I will not make any precise timing specifications, as nearly everything has an influence on it: The flour, the hydration, the machine, even the room climate. By looking attentively, you will notice the dough’s constitution as well as the machine’s efforts and noises change in the course the process.
- Flat beater
- Dough hook
- Pouring shield (if necessary)
- Dough scraper, Spatula, or similar
- Measuring jug or similar
- Infrared thermometer (if necessary)
- First of all, we weigh our ingredients thoroughly. The flour can be put directly into the mixing bowl, the water into the jug.
- In case we have rather coarse salt, we can keep 10-20% of the water aside in another container and dissolve the salt in it. For fine salt, this is not necessary.

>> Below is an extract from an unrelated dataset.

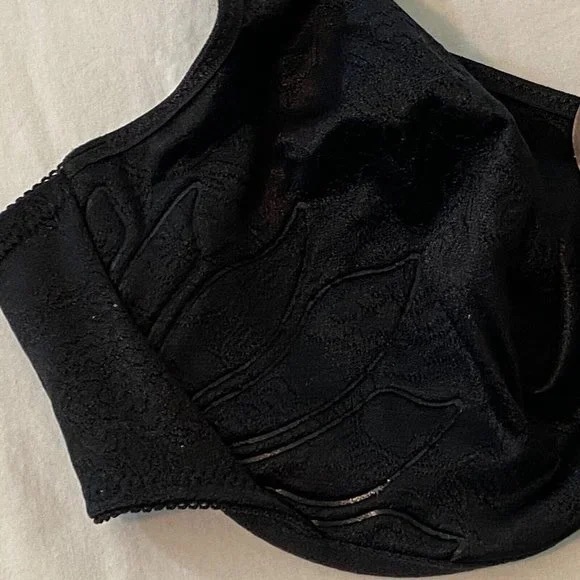 Bali Live it Up Side Shaping Bra Black Size 38DDD Comfort Cushion 3353 NWT - Picture 4 of 7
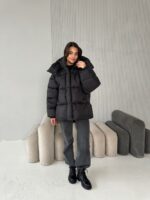 Женская Зимняя Объемная Черная Куртка Пуховик Оверсайз с Капюшоном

- Now we crumble the fresh yeast into the flour (dry yeast is just “dispersed” onto the flour), attach the flat beater to the mixer and start it on minumum speed setting. As, depending on the machine’s speed, dry flour could be swirled up and out of the bowl, we can attach the machine’s pouring shield. In this step, oxygen is stirred into the flour.
- After a short while, we’ll add in the largest part (80-90%) of the water and have the machine mixing until the flour will have absorbed all the water. If the mixer struggles, you can slowly add little more water.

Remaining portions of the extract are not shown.